▶ [PROBLEM REQUIREMENTS] Please repeat exactly the lines below from the line with "Hormones of Labor" to the line with "Donna, femelle, croisée", including both, and leave out every picture.

BEGIN DATA SHOWN

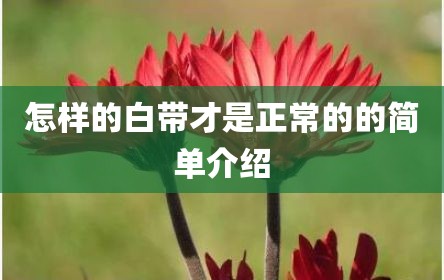 怎样的白带才是正常的的简单介绍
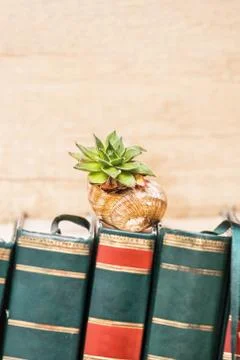 Sempervivum on a snail shell Stock Photos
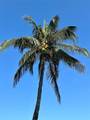 184 Banyan Bay Drive - Photo 49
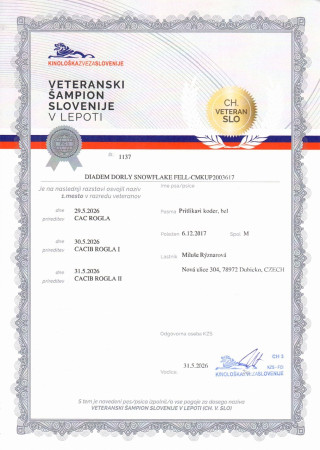Slovinský Veterán šampion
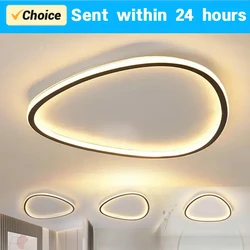 Modern LED Ceiling Lamp For Living Dining Bedroom Aisle Balcony Ceiling Chandelier Indoor Home Decoratioan Light Fixture Luster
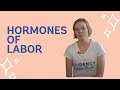 Hormones of Labor and Birth (EBB Crash Course)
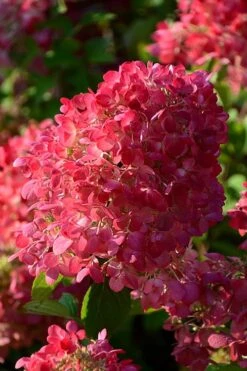Diamond Rouge Hydrangea - 3 Gallon Pot -Garden Plant Seeds Hydrangia Diamond Rouge 5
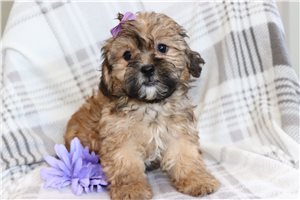 Jessa - Shih Tzu for sale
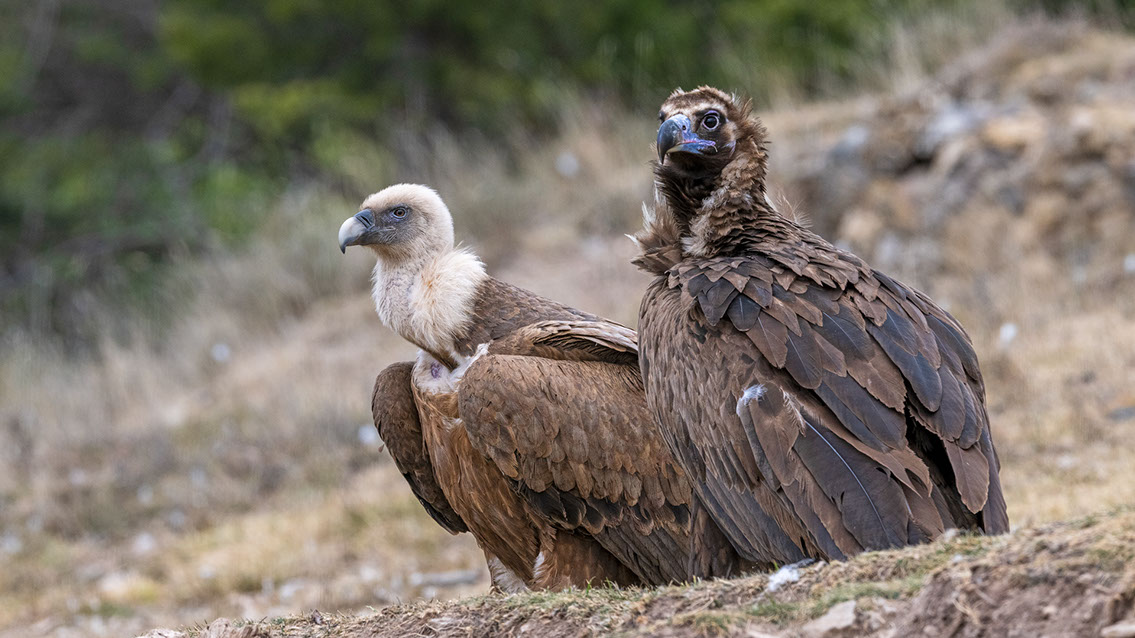 Bartgeier, Gypaète Barbu, Quebrantahuesos, Lämmergeier, Lammergeier, 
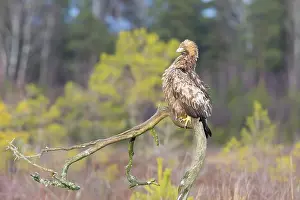 Moorland: Steinadler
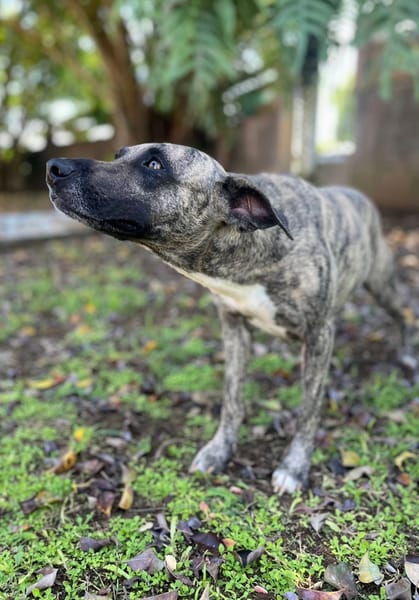 Donna, femelle, croisée berger, née le 10/09/2023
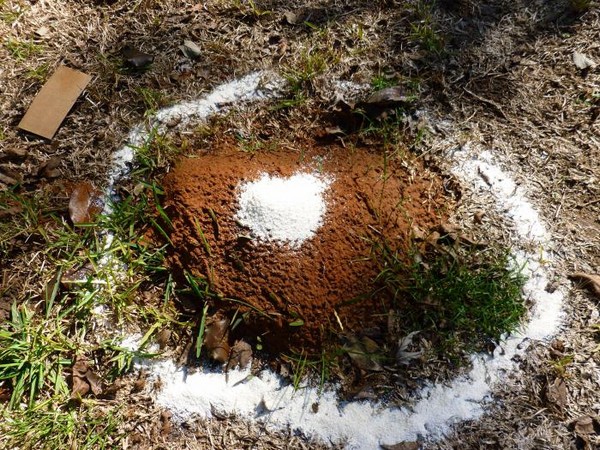 Внесение ядовитой приманки на муравейник в саду дачного участка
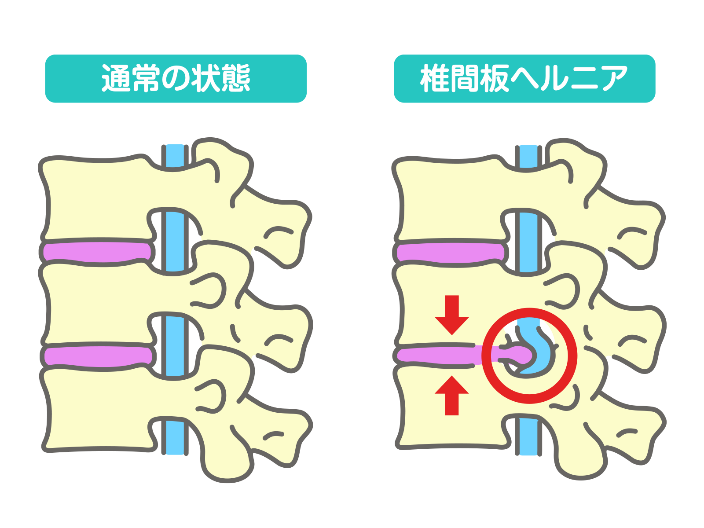 症状の原因を医学的知見から評価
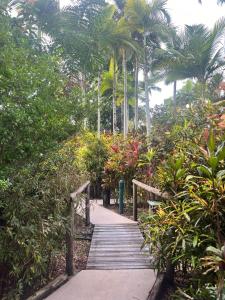 Zahrada ubytování The Villas Palm Cove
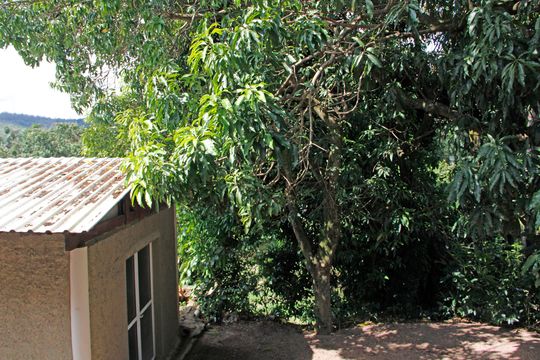 Quarto 1 Vista de casa de condomínio para alugar com 3 quartos, 280m² em Condominio Fazenda São Joaquim, Vinhedo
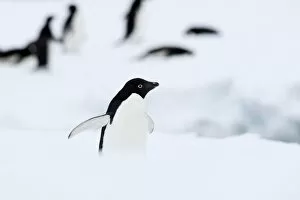 Images Dated 3rd January 2009: Adelie penguin (Pygoscelis adeliae), Commonwealth Bay, Antarctica, Polar Regions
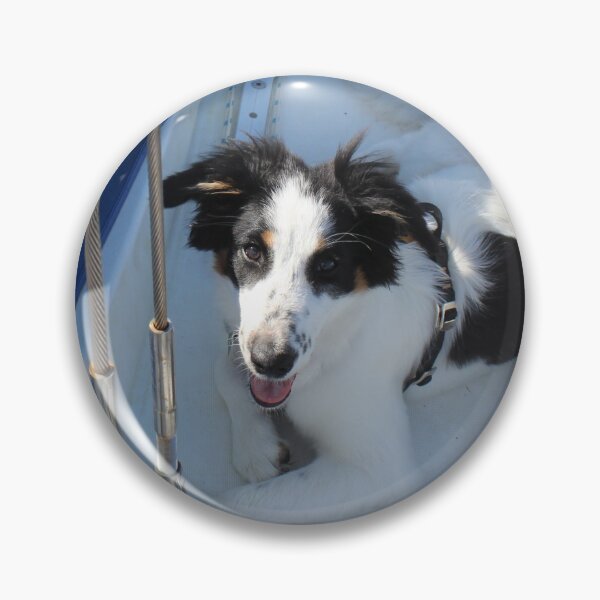 Item preview, Australian Shepherd Skipper Resting on Port Side Deck designed and sold by banditandkoko.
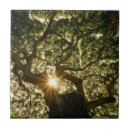 Buscar rayo 10cm azulejos Árbol
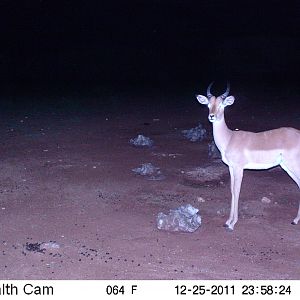 Trail Camera Namibia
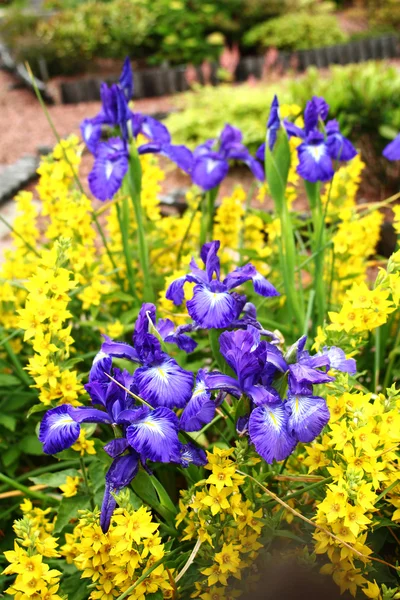 Hermosas flores de iris violeta en el jardín —  Fotos de Stock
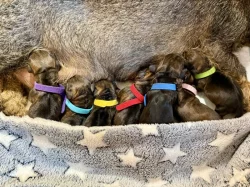 Jezevčík drsnosrstý standard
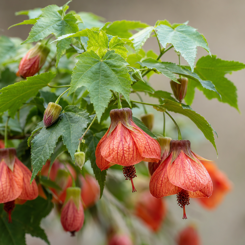 Flowering Maple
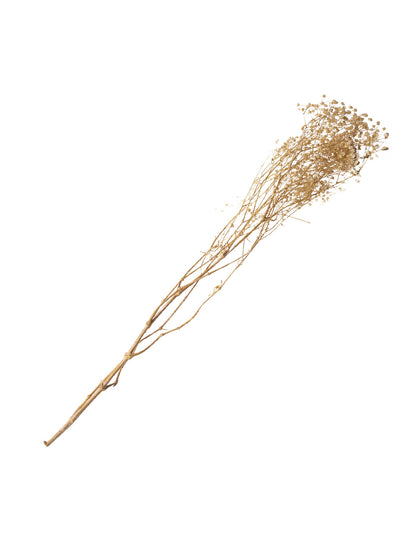 Csokor fehér szárított cigofilek 25 g - 80 cm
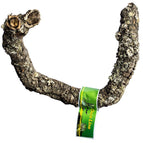 30-40cm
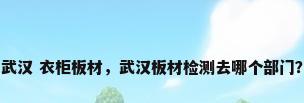 武汉 衣柜板材，武汉板材检测去哪个部门？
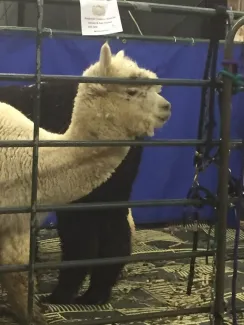 Moral Fibre Alpaca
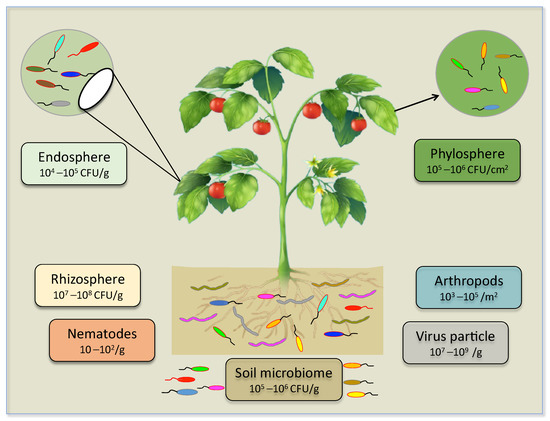 Biology | Free Full-Text | Plant Microbiome Engineering: Hopes Or Hypes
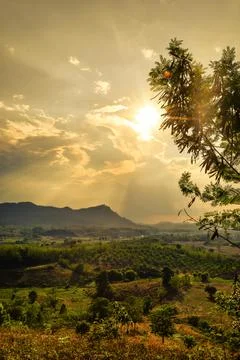 View from the high angle, on the hill, the orange light is lenticular from th Stock Photos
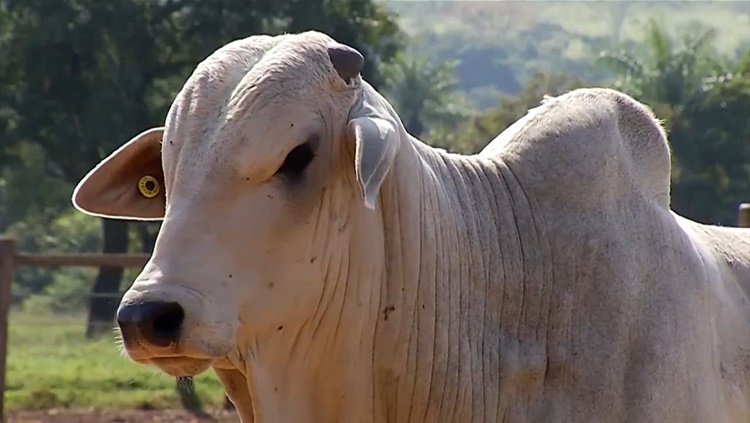 COMERCIALIZAÇÃO: Arroba do boi gordo tem nova alta no preço e chega a R$ 233 em RO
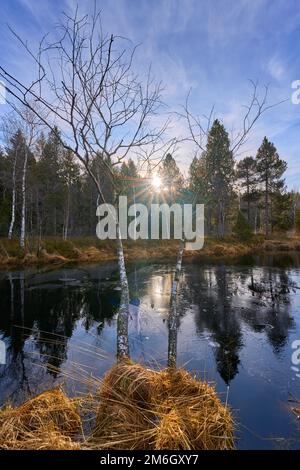 High moor landscape in the Allgaeu mountains, near Oberstaufen, Bavaria, Germany Stock Photo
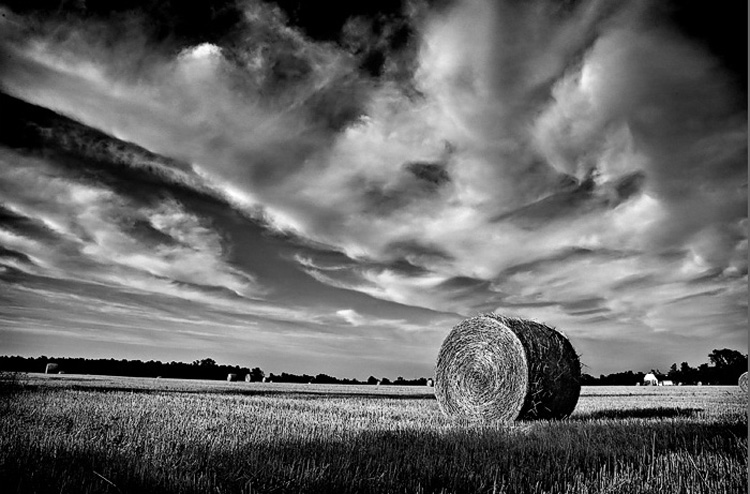 Paesaggio Toscano / 4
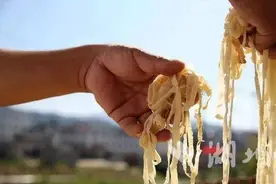 蕲春张塝的这道美食，承载着我们儿时的记忆图片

END DATA SHOWN

▶ [OUTPUT BELOW]
 Hormones of Labor and Birth (EBB Crash Course)
Diamond Rouge Hydrangea - 3 Gallon Pot -Garden Plant Seeds Hydrangia Diamond Rouge 5
 Jessa - Shih Tzu for sale
 Bartgeier, Gypaète Barbu, Quebrantahuesos, Lämmergeier, Lammergeier, 
 Moorland: Steinadler
 Donna, femelle, croisée berger, née le 10/09/2023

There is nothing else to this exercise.